For instance, at the heart of two pending European Union and U.K. laws governing online safety are requirements that social media companies such as Facebook adjust their systems to stop algorithms from propagating harmful content. In other words, it may not be enough for the company to take down posts of revenge porn and hate speech in an endless game of whack-a-mole. It may instead have to rewrite the algorithms so that such content doesn’t make it into newsfeeds in the first place. That could hurt its ad business if it impacts engagement.
Litigation is coming from different directions. One recent shareholder lawsuit alleges that Facebook’s board overpaid its $5 billion settlement to the FTC to protect Chief Executive Officer Mark Zuckerberg from liability. Another alleges insider trading by a handful of Facebook’s top executives. The suits were filed by two shareholder groups led by pension funds, including the California State Teachers’ Retirement System. A Facebook spokesman declined to comment.

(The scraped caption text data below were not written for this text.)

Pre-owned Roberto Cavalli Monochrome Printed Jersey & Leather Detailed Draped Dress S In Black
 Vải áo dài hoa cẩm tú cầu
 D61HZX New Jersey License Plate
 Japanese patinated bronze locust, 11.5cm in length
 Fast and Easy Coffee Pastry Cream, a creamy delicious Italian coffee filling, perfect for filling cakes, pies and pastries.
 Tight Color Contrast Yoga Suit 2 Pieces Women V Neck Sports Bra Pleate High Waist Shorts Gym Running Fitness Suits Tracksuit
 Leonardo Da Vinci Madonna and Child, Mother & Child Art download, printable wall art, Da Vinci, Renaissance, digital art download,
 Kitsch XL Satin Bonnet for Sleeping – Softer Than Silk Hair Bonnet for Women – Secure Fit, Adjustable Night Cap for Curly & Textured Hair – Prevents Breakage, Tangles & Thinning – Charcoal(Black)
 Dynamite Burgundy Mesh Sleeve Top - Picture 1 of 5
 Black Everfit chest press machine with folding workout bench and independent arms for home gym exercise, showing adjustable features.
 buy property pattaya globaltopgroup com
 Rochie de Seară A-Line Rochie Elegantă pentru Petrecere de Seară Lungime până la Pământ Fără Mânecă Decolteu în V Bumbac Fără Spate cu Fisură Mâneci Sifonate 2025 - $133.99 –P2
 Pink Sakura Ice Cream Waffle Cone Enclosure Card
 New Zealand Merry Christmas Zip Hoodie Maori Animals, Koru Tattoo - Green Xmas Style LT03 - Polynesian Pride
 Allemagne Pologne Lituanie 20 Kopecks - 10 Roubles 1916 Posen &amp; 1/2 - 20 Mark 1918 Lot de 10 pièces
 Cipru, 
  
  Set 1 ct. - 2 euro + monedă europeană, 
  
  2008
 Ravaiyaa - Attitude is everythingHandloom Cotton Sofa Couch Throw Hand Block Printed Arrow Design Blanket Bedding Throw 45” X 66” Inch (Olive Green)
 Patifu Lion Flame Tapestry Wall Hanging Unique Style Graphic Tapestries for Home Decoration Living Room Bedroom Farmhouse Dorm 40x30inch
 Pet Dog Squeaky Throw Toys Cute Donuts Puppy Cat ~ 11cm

More serious: the company may face criminal liabilities for some of the worst behavior on its site. The leaked internal documents include evidence that Facebook neglected to do enough to stop human trafficking, according to the Wall Street Journal’s report. That could make it liable under the U.K.’s Modern Slavery Act, according to Andrew Wallis, founder of the human trafficking charity Unseen.
Gretchen Peters, who runs an organization that tracks crime and terror activity on social media, has been lobbying the Justice Department to investigate if Facebook’s hosting of criminal content rises to the level of a RICO violation, referring to a law that was designed to help prosecute organized crime. A probe isn’t certain, however.
His behavior instead should be troubling, particularly to anyone who wants to see the CEO manage his senior leadership team through yet another crisis. The leak to the Wall Street Journal contained insights from many varied areas of Facebook, suggesting it may have come from a person or people with senior responsibilities.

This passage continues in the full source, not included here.